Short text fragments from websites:
◇ ◇ ◇ ◇

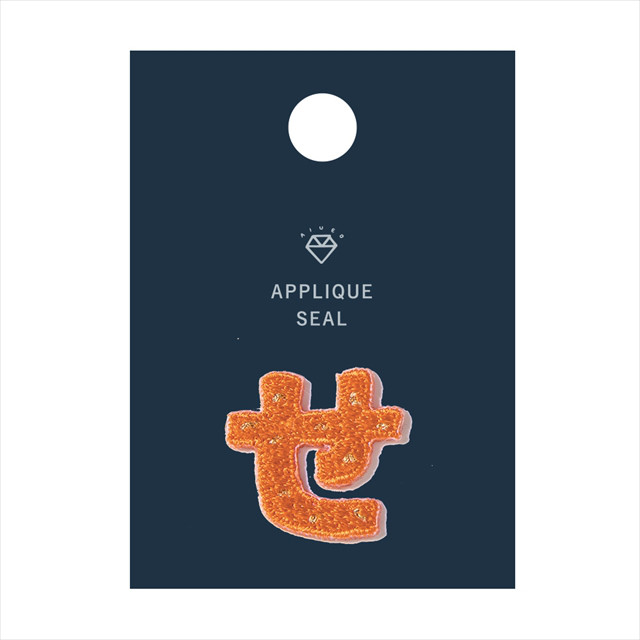 AIUEO APPLIQUE ひらがな (せ)goods_nameサブ画像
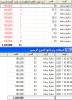 خطوط.png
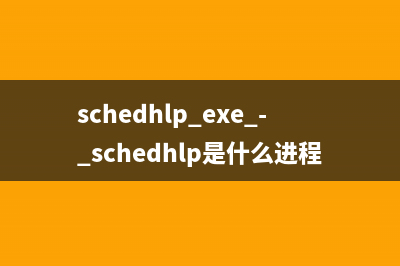 schedhlp.exe - schedhlp是什么进程 作用是什么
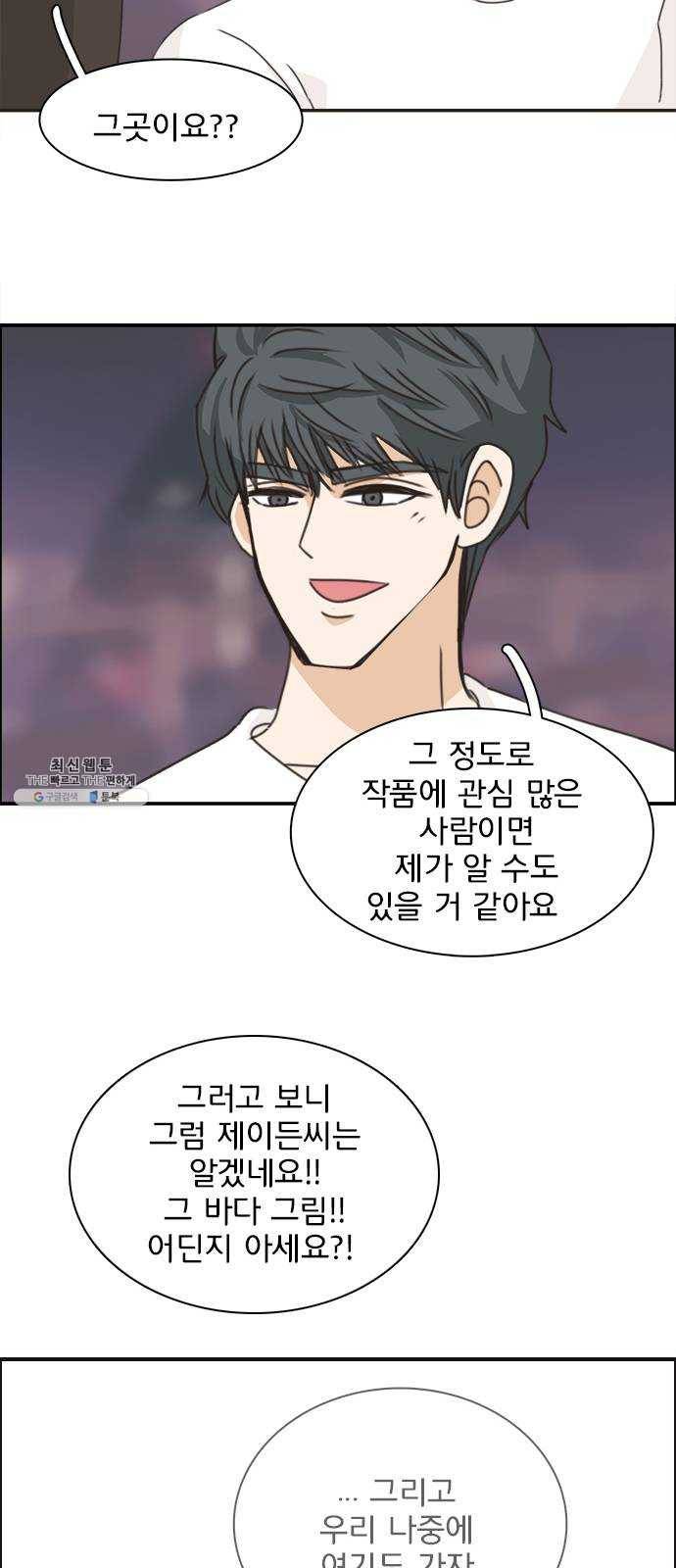 나의 플랏메이트 24화 너 때문에 다 젖었잖아 14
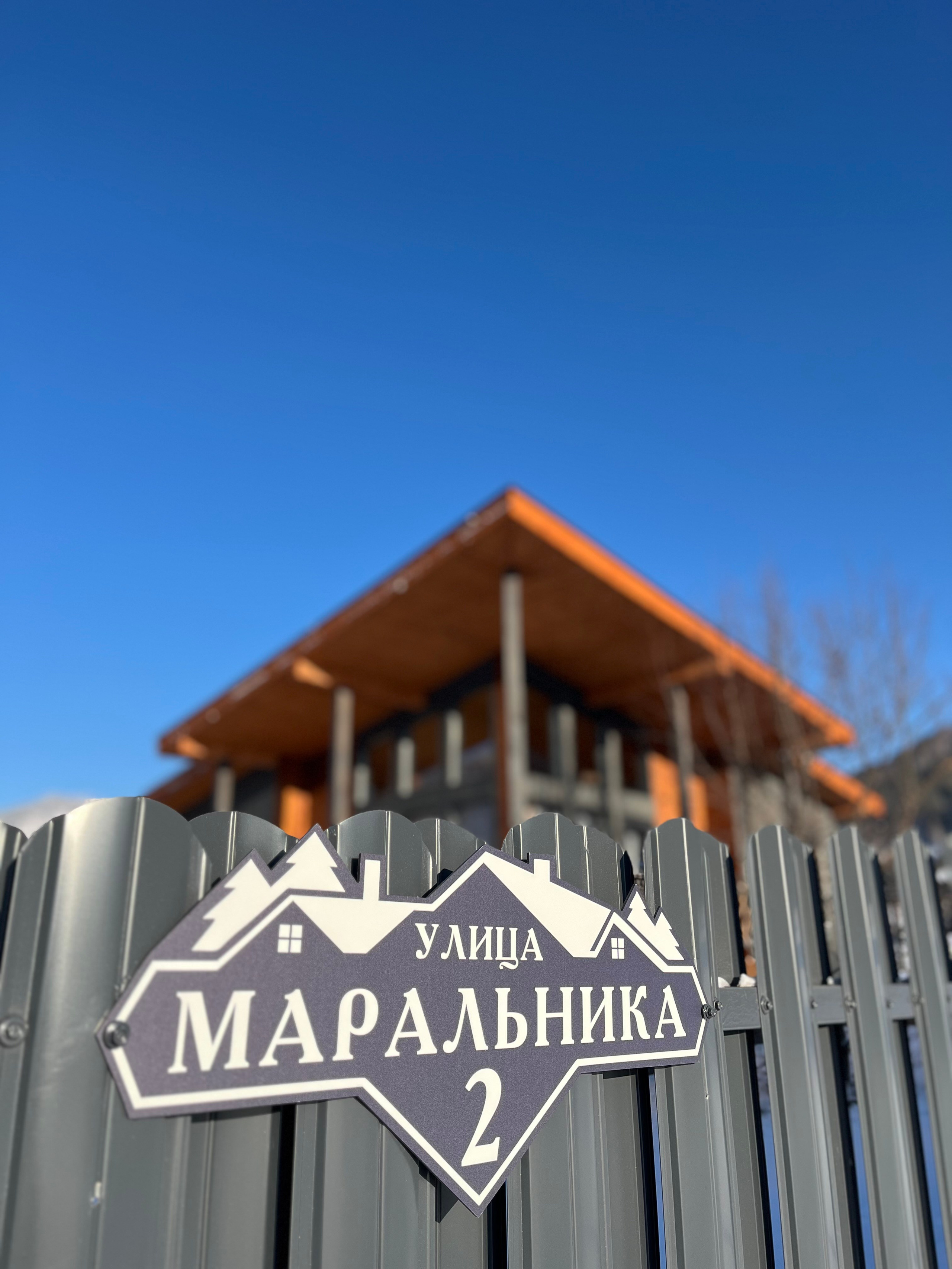 Усадьба Никитиных. Семейный фотограф в Барнауле, Горный Алтай, Заринск, Алейск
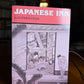 Japanese Inn by Oliver Statler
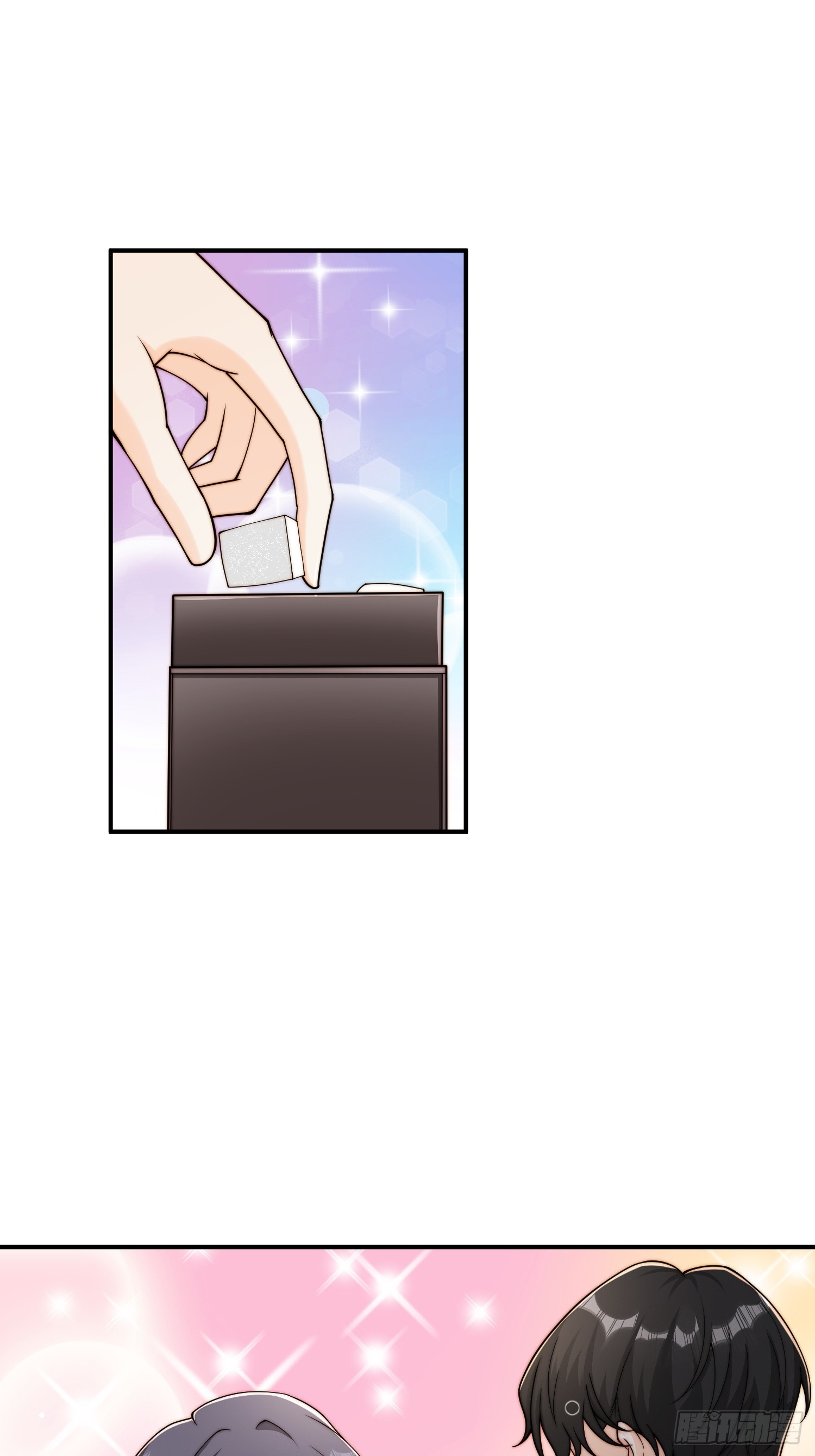 38 可以不用加糖了-第39话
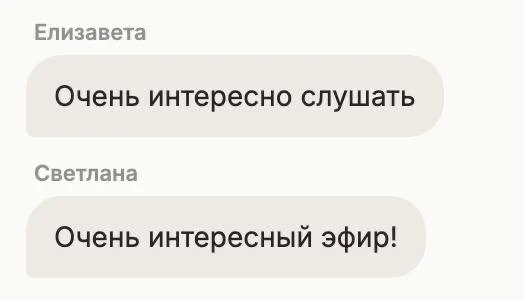 Эфир получится 🔥🔥🔥 И я впервые даю запись в открытом доступе, не упустите возможность посмотреть
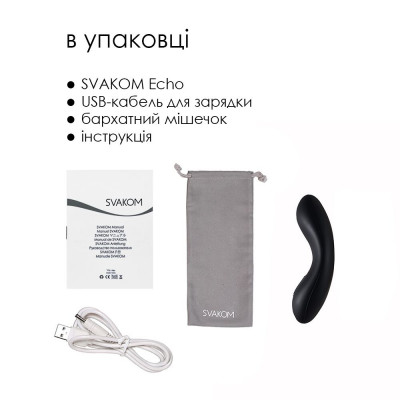 Клиторальный вибратор Svakom Echo Black Клиторальный вибратор Svakom Echo Black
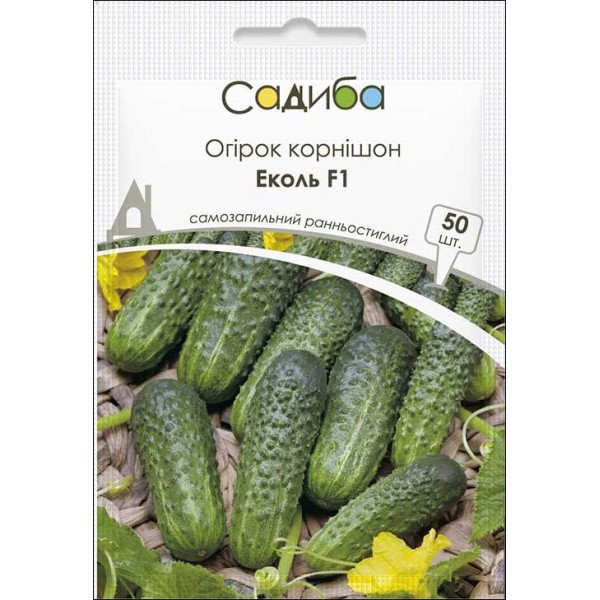 Семена огурца Эколь F1 /50 семян/ *Садыба*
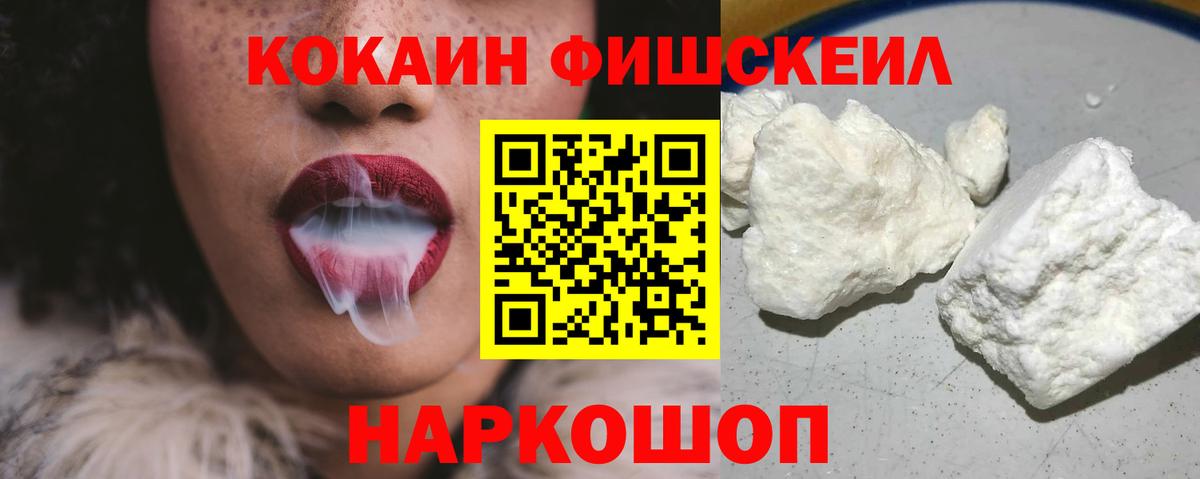 Cocaine 99% Магадан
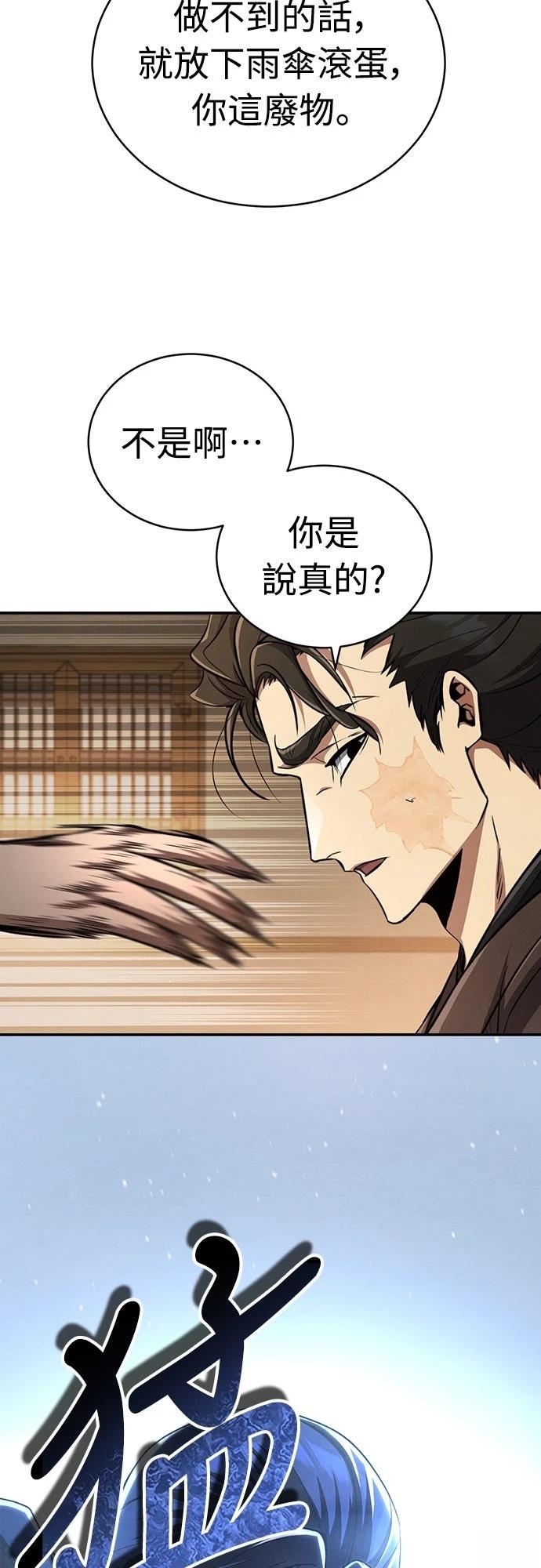 第13话56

◇ ◇ ◇ ◇

**TRY IT**
Leave out the pictures and repeat the remaining data exactly.

**TASK RESPONSE**
 AIUEO APPLIQUE ひらがな (せ)goods_nameサブ画像
 خطوط.png
 schedhlp.exe - schedhlp是什么进程 作用是什么
 나의 플랏메이트 24화 너 때문에 다 젖었잖아 14
 Усадьба Никитиных. Семейный фотограф в Барнауле, Горный Алтай, Заринск, Алейск
 Japanese Inn by Oliver Statler
 38 可以不用加糖了-第39话
 Эфир получится 🔥🔥🔥 И я впервые даю запись в открытом доступе, не упустите возможность посмотреть
 Клиторальный вибратор Svakom Echo Black Клиторальный вибратор Svakom Echo Black
 Семена огурца Эколь F1 /50 семян/ *Садыба*
 Cocaine 99% Магадан
 第13话56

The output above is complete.